Yuqi menghubungi Hannie menjelang sore hari. Dia baru saja pulang berkencan dengan Lucky. Mereka pergi menonton bioksop dan bermain arcade bersama dan Hannie berkomentar bahwa itu sangat menyenangkan. Yuqi juga sudah mengirimkan surat untuk beberapa universitas yang ingin dia tuju. Yuqi benar-benar menyiapkan segalanya dengan baik sementara Hannie baru akan mulai mengirimkan suratnya akhir pekan nanti. Dia belum tahu apakah Sean dan Sony sudah mengirimkan surat mereka.

Sean mengingatkannya tentang pergi berkemah esok hari. Hannie baru saja menonton ramalan cuaca dan diperkirakan besok hari akan cerah. Mr. Yves duduk di sofa seperti biasa, air jahe ada di hadapannya. Dia benar-benar pecinta air jahe.

"Dad..."  Hannie bergabung dengannya. Mr. Yves mengangkat wajah dan mengangguk. "Aku akan pergi berkemah besok."

Mr. Yves tampak terkejut. "Berkemah?!"  Dia mengulangi ucapan Hannie dan nada bicaranya seolah dia tidak percaya dengan apa yang dia dengar. Rasanya kata berkemah dan Yves Hannie memang tidak pernah ditakdirkan untuk bersama.

"Ya... Teman-temanku di sekolah membicarakan itu. Ada satu tempat yang ingin aku kunjungi, banyak yang sudah pergi ke tempat itu."

"Menginap?!"

Cepat-cepat Hannie menggeleng. "Tentu saja tidak. Aku akan berangkat pagi buta dan kembali sore, jadi aku sudah tiba di rumah menjelang malam."

"Dimana lokasinya?"

"Di perbatasan."

"Mobil tua kita tidak akan bisa sampai ke perbatasan dengan mudah."

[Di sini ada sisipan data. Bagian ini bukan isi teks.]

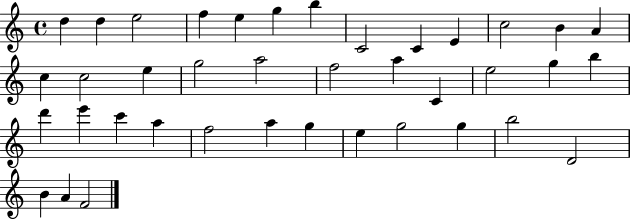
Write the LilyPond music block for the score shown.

{
  \clef treble
  \time 4/4
  \defaultTimeSignature
  \key c \major
  d''4 d''4 e''2 | f''4 e''4 g''4 b''4 | c'2 c'4 e'4 | c''2 b'4 a'4 | \break c''4 c''2 e''4 | g''2 a''2 | f''2 a''4 c'4 | e''2 g''4 b''4 | \break d'''4 e'''4 c'''4 a''4 | f''2 a''4 g''4 | e''4 g''2 g''4 | b''2 d'2 | \break b'4 a'4 f'2 | \bar "|."
}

Hannie kembali mengangguk cepat. "Aku tahu, karena itu aku memutuskan untuk pergi dengan menumpang. Ada banyak travel yang akan mengantar orang ke lokasi itu."

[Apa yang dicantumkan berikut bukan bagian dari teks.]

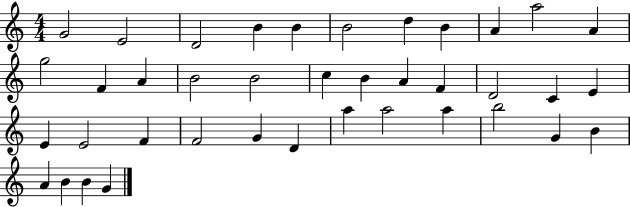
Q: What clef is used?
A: treble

Hannie tahu Mr. Yves tidak mudah untuk diyakinkan. Kedua alisnya masih bertaut dan keningnya berkerut. Ayahnya pasti berpikir bahwa mungkin saja Hannie memiliki janji dengan seorang cowok---dan itu benar, tentu saja. Sayangnya Hannie memang tidak ingin memberitahunya dengan siapa dia akan pergi berkemah. Tidak karena Mr. Yves pasti akan membuat Sean mengizinkannya untuk ikut berkemah juga. Mr. Yves benar-benar menyukai Sean.

Jadi keesokan paginya, Hannie bangun pukul empat. Dia sudah menyiapkan semua keperluan yang ingin dia bawa. Tas besar berisi pakaian ganti dan mantel hangat dan beberapa bungkus mi instan bersandar pada daun pintu. Beruntung Mr. Yves mendapat panggilan penting dari rumah sakit yang mengharuskannya datang diluar jam bekerja. Ada operasi penting yang harus dilakukan dan pihak rumah sakit meminta Mr. Yves untuk melakukannya.

Sean datang pukul lima. Dia memakai celana kargo berwarna khaki, mantel sangat tebal berwarna putih, dan beanie berwarna hitam. Dia juga memakai syal yang membungkus erat lehernya.

"Hai..."  Sean menarik Hannie ke dalam pelukan.

Tas besar Hannie bergabung dengan tas Sean yang juga tidak kalah besar di kursi penumpang. "Kau sangat siap..."  Hannie menggodanya. Sean tersenyum dan mulai menginjak pedal gas. "Apa saja yang kau bawa?!"

"Beberapa peralatan dan pakaian ganti. Aku juga meminjam tenda dari Dad."

"Apa jalurnya akan sulit?!"

"Tidak terlalu,"  Sean menoleh lalu tersenyum. "Aku sudah pernah mengunjungi tempat itu sebelumnya, dengan sepupuku. Ada danau besar yang akan membeku di musim dingin dan kita bisa memancing di sana."

"Kalian mendapat banyak ikan?!"

"Yep... Ikan-ikan kecil. Kau pasti akan senang. Pemandangannya menakjubkan."

"Aku tidak sabar..."  Sean tertawa. Hannie bersandar pada punggung kursi. Mobil melaju pelan menembus kabut tebal. Hawa pagi itu sangat dingin. Musik lembut mengalun dari radio mobil membuat Hannie mengantuk.

"Tidurlah... Aku akan membangunkanmu kalau kita sudah sampai."  Dan Hannie benar-benar jatuh ke alam mimpi setelahnya.